October updates

Laying the tarmac, with the recycled (soon-to-be-connected) water tank in the background...

Laying the tarmac, with the recycled (soon-to-be-connected) water tank in the background...

It has been ages since we updated this section of the website - a reflection of how busy all the volunteers have been. So here are a few photos from the past month or so:

One of our garden volunteers test-driving one of the new ramps. Also very popular with children on small green tractors.

One of our garden volunteers test-driving one of the new ramps. Also very popular with children on small green tractors.

The contractors have started and we have all the short tarmac ramps into the green completed - and also the tarmac pad for under the accessible picnic table.

In the next fortnight or so, they will return to do the water supply, raised beds, another pathway, pond, marsh, gate, noticeboard, cycle racks. And then we will have more space to plant around them.

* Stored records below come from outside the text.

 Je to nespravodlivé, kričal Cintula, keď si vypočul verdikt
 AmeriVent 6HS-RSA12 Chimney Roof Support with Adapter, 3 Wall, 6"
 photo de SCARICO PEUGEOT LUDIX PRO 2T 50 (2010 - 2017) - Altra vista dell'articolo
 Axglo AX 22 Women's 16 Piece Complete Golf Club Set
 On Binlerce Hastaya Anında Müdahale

New beds: we are steadily scything, with our new scythe, the old annual meadows as they stop flowering.

Some of them are being turned into narrower annual beds (so we can weed them more easily), an extra path (for accessibility and just because we like them) and permanent (mainly perennial) beds (better for wildlife and people). We have planted one perennial up already, just with plants that needed to be moved, odds and ends and divisions from local gardens.

We have prepared another one as a test-bed for Pictorial Meadows perennial seeded meadows. We hope to get this ready before winter - or next Spring.

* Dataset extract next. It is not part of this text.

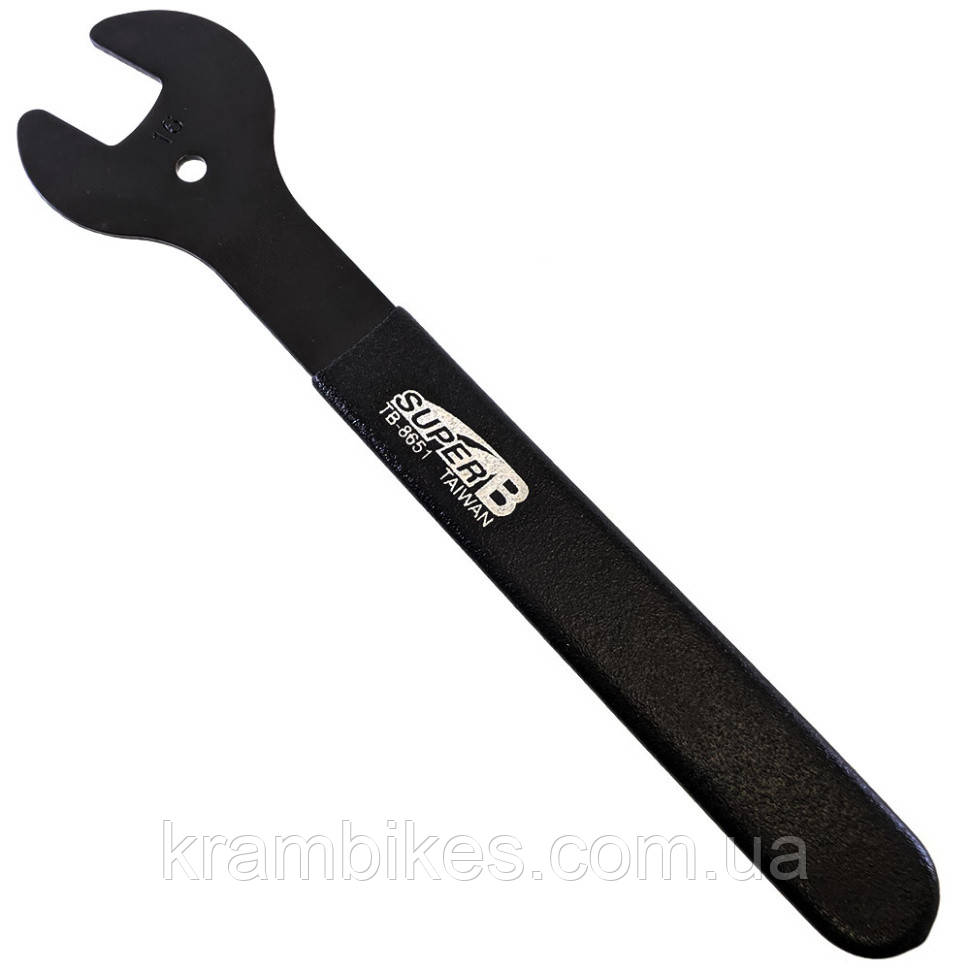 Ключ конусний велосипедний SuperB TB-8648 13мм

Under a narrow bed. We have a thin layer of dry sandy dust (with clumps of grass roots), overlying a thick layer of clinker, sometimes another layer of hardcore (including bricks) and then clay. Delightful. 

Under a narrow bed. We have a thin layer of dry sandy dust (with clumps of grass roots), overlying a thick layer of clinker, sometimes another layer of hardcore (including bricks) and then clay. Delightful. 

Narrow beds: we had a test dig-out of the clinker under the narrow beds  and decided it was too much work to do 'everywhere'. We will need to breach and remove it for trees but will live with it in most areas. Plants seem to cope with it, sending out roots sideways instead of down.

The one bed we did prepare, we might use for asparagus, which we think might do well in this free sandy draining soil (and could be delicious). We will start some seeds off in 2017.